*PROBLEM DESCRIPTION*.
Restate word for word the lines below from the one that has "台大醫院和印尼國家級轉診中心" through the one that has "New 18k White Gold Wedding Ring Set", keeping both and dropping all pictures.

*DATASET RECORDS*.
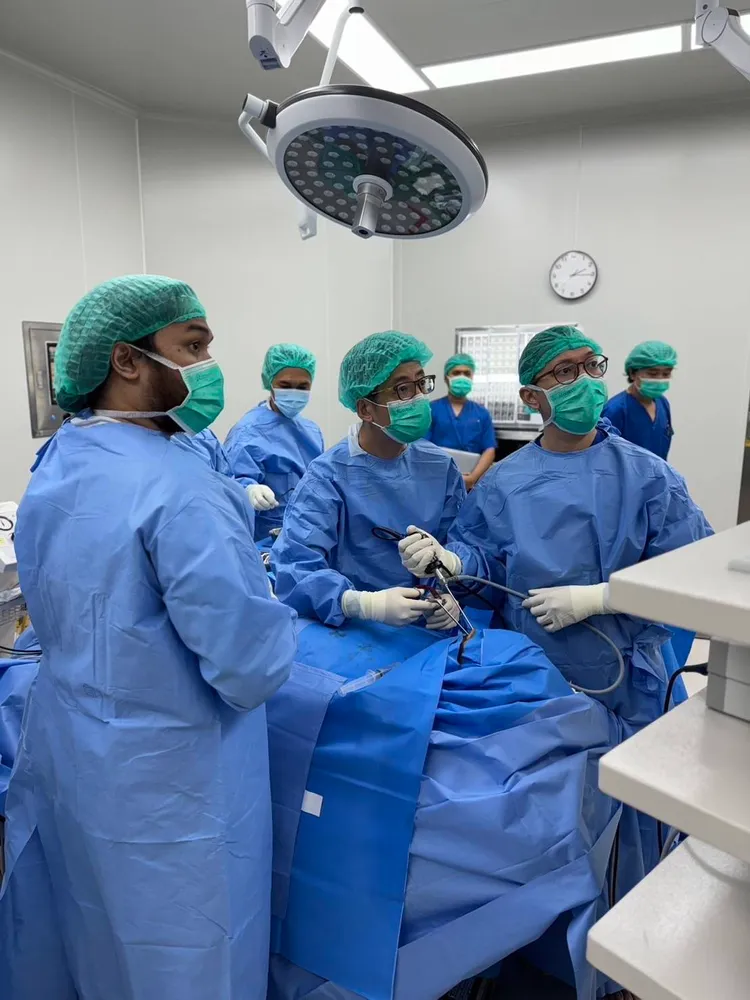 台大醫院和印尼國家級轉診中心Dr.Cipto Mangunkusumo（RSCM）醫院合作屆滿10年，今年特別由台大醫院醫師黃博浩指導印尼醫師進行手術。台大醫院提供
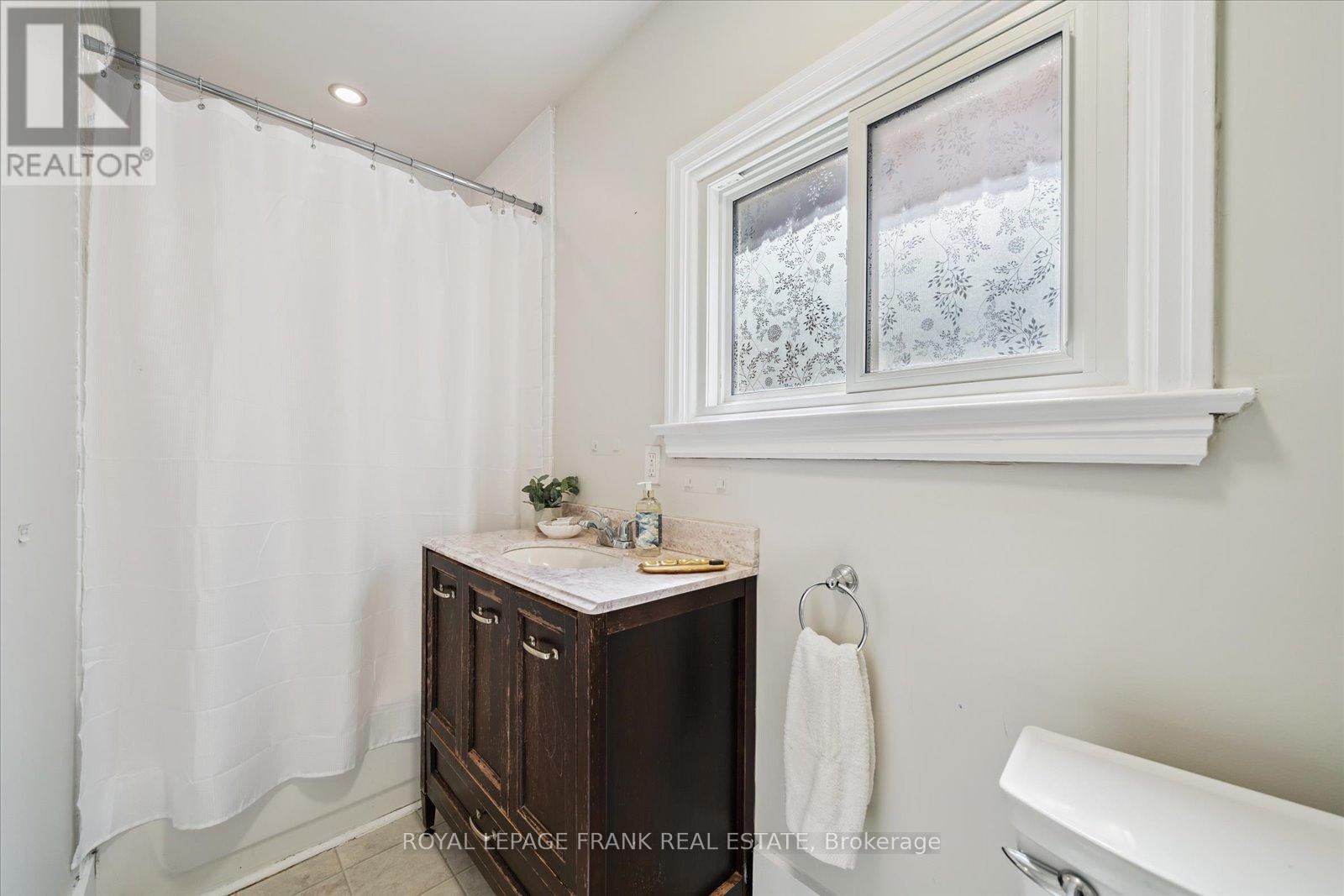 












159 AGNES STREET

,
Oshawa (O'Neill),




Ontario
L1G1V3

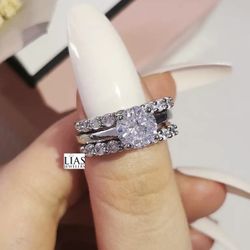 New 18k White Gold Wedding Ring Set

* * *

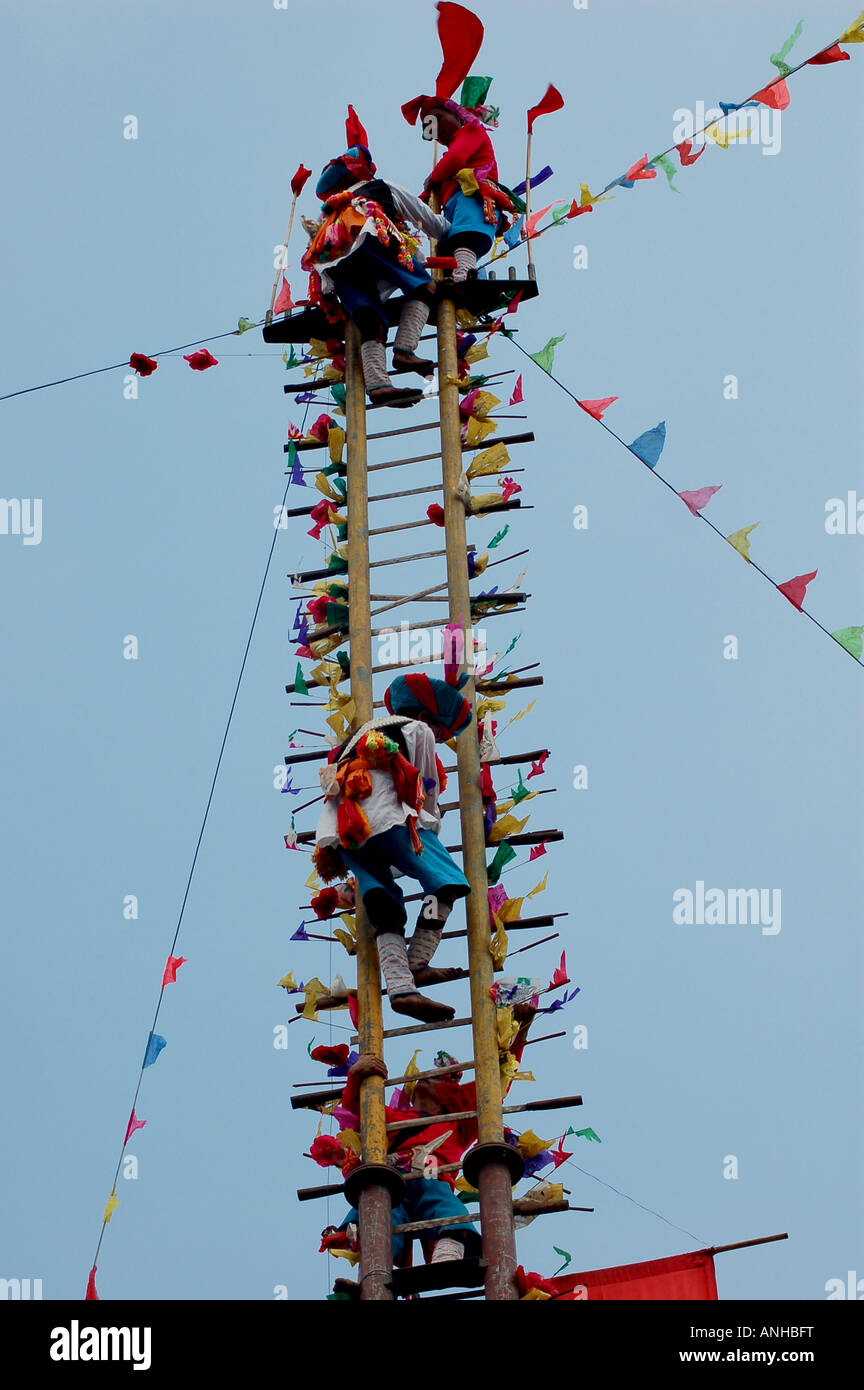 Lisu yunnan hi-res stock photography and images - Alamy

* * *

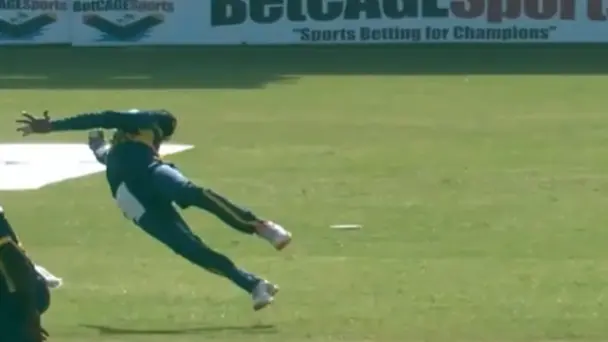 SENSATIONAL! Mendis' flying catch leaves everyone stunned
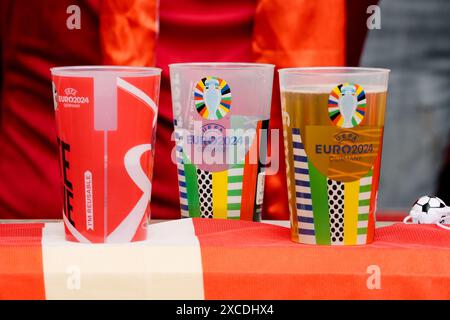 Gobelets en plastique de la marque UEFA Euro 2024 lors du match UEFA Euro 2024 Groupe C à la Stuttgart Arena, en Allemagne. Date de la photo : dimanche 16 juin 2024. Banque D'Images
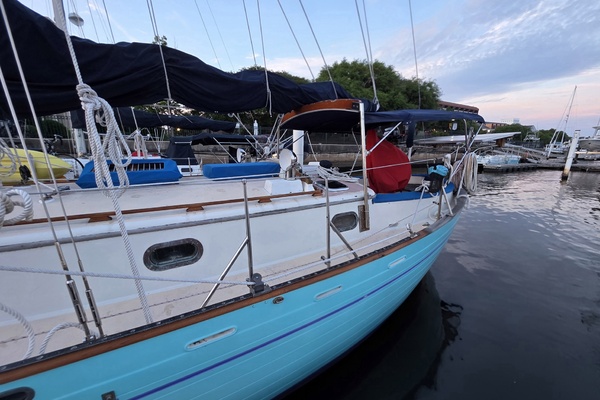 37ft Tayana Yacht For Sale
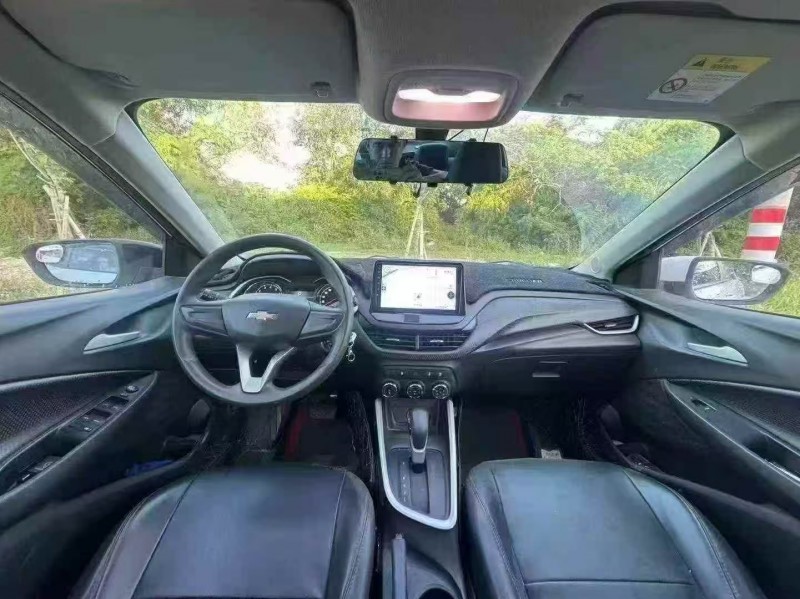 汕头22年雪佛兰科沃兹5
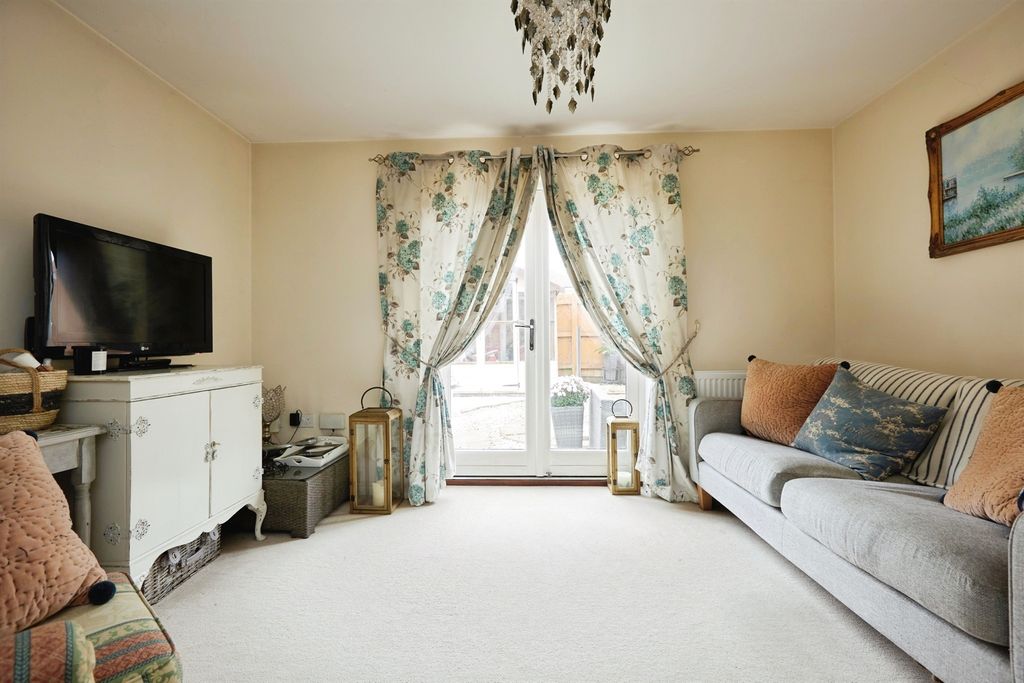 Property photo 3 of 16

*RESULT OF THIS EXERCISE*.
 台大醫院和印尼國家級轉診中心Dr.Cipto Mangunkusumo（RSCM）醫院合作屆滿10年，今年特別由台大醫院醫師黃博浩指導印尼醫師進行手術。台大醫院提供












159 AGNES STREET

,
Oshawa (O'Neill),




Ontario
L1G1V3

 New 18k White Gold Wedding Ring Set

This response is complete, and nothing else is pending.